ARTNOTES: Interview with Okwui Enwezor, curator of BIACS2
The II Bienal Internacional de Arte Contemporáneo de Sevilla (BIACS2) has been formally opened under the title Lo Desacogedor. Escenas fantasmas en la sociedad global. The locations selected for the biennial are two of the most emblematic architectural composition in the city, some artists exhibit their pieces in the Reales Atarazanas, an old 13th century shipyard in which the brick walls and the dirt roadway provide an optimistic context for the works of art as if it was an ad hoc scenography. In the Cartuja island where the old convent used to be located, you can only see the Centro Andaluz de Arte Contemporáneo, a very beautiful composition of spectral white rooms where the artists show their pieces.
The biennial’s curator, Okwui Enwezor, enjoys a great prestige within the international art field and he has directed, among other important events, the Documenta 11 (2002), and for that reason his presence in Spain generates great excitement. The point of view Okwui Enwezor suggests both in his texts and in his curatorships is characterized by the formal sobriety and rigorous precision, some aspects which he does not overlook in this event in Seville. His reflection around the conflicts in the globalized world which swing between the pluralities and the fundamentalisms, resulted in an analysis of the current problems by means of the works by these 91 artists who find inspiration in the concepts of intimacy (the maternal house), proximity (the Euro American or the Hindu Moslem relation with Africa) and neighbourhood (the urban relation or the Israelites and Palestinians relation).
I just wanted to know your general opinion on how everything has turned out as you had expected after the opening?
Indeed, the project turned out quite well, despite a few anomalies that need to be worked out. But this is to be expected since, as you know it is a very big project, and a huge challenge which I have developed with a very small and young organization. The organization has done an amazing work, not only to bring the exhibition about, but also in the support it has given the artists. Few people can imagine and appreciate what it takes to put together this huge complexity of people, with works coming from all different parts of the world and making the exhibition function as a coherent statement of the disparate intentions of the artists. It has been an incredible experience and a great opportunity to work in Spain. And to accomplish this in a context with limited spaces and resources for contemporary art is great credit to what BIACS represents for both Seville and Spain. So to do this job here with the immensely commitment to the artists and with the result we have is simply tremendous.
What elements from previous exhibits did you bring with you to Seville and what new things did come to your mind when seeing of the locations and the city?

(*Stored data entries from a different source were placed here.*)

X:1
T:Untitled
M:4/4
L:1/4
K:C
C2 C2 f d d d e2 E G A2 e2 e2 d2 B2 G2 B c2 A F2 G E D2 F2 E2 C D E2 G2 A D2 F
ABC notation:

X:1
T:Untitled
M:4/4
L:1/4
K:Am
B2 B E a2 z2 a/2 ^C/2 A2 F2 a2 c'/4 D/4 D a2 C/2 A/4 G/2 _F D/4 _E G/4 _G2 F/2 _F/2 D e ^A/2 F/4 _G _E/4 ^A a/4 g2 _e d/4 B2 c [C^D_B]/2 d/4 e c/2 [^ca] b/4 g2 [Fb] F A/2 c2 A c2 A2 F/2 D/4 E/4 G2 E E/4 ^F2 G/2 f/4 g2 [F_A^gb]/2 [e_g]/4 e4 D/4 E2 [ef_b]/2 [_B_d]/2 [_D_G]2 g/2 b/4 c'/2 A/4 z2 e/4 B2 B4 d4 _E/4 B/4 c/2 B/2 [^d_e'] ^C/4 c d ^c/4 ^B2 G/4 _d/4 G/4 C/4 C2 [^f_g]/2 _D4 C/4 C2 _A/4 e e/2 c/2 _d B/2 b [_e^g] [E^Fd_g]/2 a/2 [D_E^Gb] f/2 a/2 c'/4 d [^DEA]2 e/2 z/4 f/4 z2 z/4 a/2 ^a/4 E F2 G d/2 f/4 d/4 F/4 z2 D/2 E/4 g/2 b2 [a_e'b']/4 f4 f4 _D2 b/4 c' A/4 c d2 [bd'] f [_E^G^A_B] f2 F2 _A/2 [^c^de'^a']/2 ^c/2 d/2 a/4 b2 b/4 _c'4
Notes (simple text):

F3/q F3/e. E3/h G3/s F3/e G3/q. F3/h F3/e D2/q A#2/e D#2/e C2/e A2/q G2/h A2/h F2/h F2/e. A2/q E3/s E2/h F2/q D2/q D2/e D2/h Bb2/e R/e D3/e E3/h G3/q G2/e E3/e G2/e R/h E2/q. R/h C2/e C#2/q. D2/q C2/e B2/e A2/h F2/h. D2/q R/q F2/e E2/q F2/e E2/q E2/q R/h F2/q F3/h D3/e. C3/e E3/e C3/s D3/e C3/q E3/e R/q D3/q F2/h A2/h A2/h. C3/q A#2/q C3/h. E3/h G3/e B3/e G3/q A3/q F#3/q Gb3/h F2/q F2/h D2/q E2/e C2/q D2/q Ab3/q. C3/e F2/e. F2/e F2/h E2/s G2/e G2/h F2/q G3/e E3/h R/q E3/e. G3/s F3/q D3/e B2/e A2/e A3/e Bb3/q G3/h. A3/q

Well, number one is that you always carry your intellectual world along with you. I am never a curator who works with the presumption that I´m going to bring anything new always. I am interested in making exhibitions that sit within a particular context. As you know there are many, many serious questions – political, cultural, social, economic: one issue being the difficult problem of immigration and the rights of immigrants - going on in Spain today, as well as all over the rest of the world, these questions should make one circumspect about the prospect of continuously generating new artistic models in response to these varied disturbances and the various teleologies that drive them. So this is not the time to make exhibitions that is entertaining, that is easy to understand and consume through the irritating fixation on newness. I have therefore chosen to focus on things that I know and to invite those artists whose work I have only recently become aware of, but whose works respond in imaginative and challenging ways to the questions the exhibition wanted to address. So the challenge we have is always to push forward in the work we do with a certain degree of clarity and an amount of real critical interrogation of both the limits of art and the limits of the audiences that come to view art, and the prejudices people bring with them and at the same time the preconceptions that they bring with them, so these are all the things that people might want a response to. So in my view I think I´ve made an exhibition that is really about a response to today but not from a dogmatic approach but from a way of reconsidering the itinerary of what contemporary art can be in the matter of the world.
Which are the main criteria you have followed for the selection of these artists present in the Biennial?
This is always the most difficult question. There is not only a criterion but several factors. I tend to work in advance of any exhibition through active collaboration with artists.